Les poètes travaillent avec le langage
L’Homme a inventé le langage qui a organisé la conservation de l’espèce par son pragmatisme et qui, par la symbolisation, la prise de distance a inventé le passé et l’avenir, la mémoire, le désir. Mais si le langage est ce trait de génie extraordinaire, il invente le désespoir dans le même temps. Car quand je nomme une chose avec un mot, je perds la profondeur du réel, l’illimité. Quand je dis « arbre », je dis le concept « tronc, feuilles, branches », mais je ne dirai jamais la myriade d’arbres que chacun a connus, avec chacun son histoire. Cette partie perdue que ne dit pas le concept, c’est ce que dit la poésie.
Le langage qui permet le geste efficace est univoque, voire plurivoques mais il ne prend pas en compte tous les songes de l’humanité. Le dictionnaire court après une complexité qu’il ne peut immobiliser. Il ne va pas aux sens imprévus ou illégitimes. Dans la définition d’une chaise, il ne dit pas qu’elle peut servir à attraper un pot de confiture ou à faire une bagarre.
Le langage, si génial qu’il soit est le véhicule de la convention, du consensus et de la conformité qui gouvernent le sens social, qui conduisent la société à des processus normés. Jamais il n’y a eu autant de langage produit, mais il l’est dans une même langue univoque, de bas étiage, propre sur elle, neutre, immédiatement compréhensible. On utilise du langage prêt à porter.
Le réel n’est pas l’univocité, c’est l’ équivocité, le malentendu permanent. La poésie rend la dimension perdue à la part manquante des mots. Elle donne aux mots une épaisseur de sens qui est celle de la réalité. Elle sauve le langage de la simplification et de l’arasement. Elle rend la complexité de la vie. Toute poésie réenchante la langue, la rebranche sur l’immensité du réel perdu, nous rend aux enjeux profonds de notre existence. Les poètes nous demandent le temps de l’arrêt. Nous traversons la vie en TGV, rythmique générale de la société commandée par la représentation du temps.

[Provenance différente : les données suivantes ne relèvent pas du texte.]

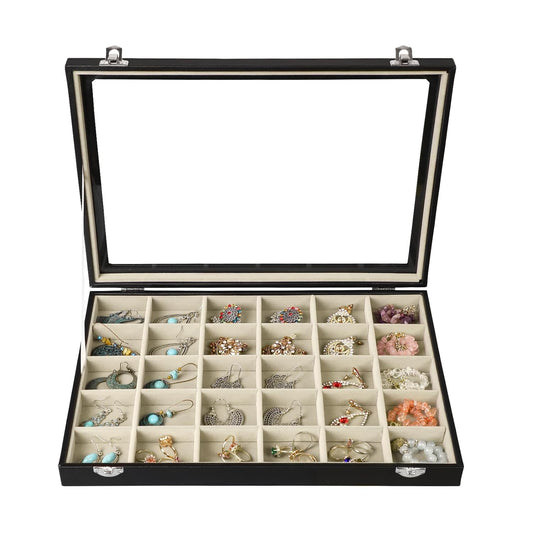 Stratalife 30 Grid Earring Organizer, Jewelry Holder Organizer with Lid | PU Leather Storage Box for Earring, Ring, Studs and Trinkets, Soft Velvet Drawer Organizer for Women, Dustproof, Beige Black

La poésie, c’est la panne du TGV
Tout le monde descend et soudain, on rentre dans la profondeur du réel, de ce paysage qui défilait. Le poème est une insurrection contre le langage du 20 heures. Les poètes nous sauvent parce qu’ils nous disent qu’une autre langue est possible et donc une autre représentation du monde. Le poème nous sauve de l’obsession identitaire. Il dit que chaque être au monde est un foisonnement d’identités superposables en mouvement. Aucun d’entre nous n’est réductible à une carte d’identité.
La poésie, restitue le nécessaire silence dans la langue, car il y a toujours une marge d’inquiétude du sens qui le demande. Dès qu’une parole vaut, elle a besoin de cette caisse de résonance du silence.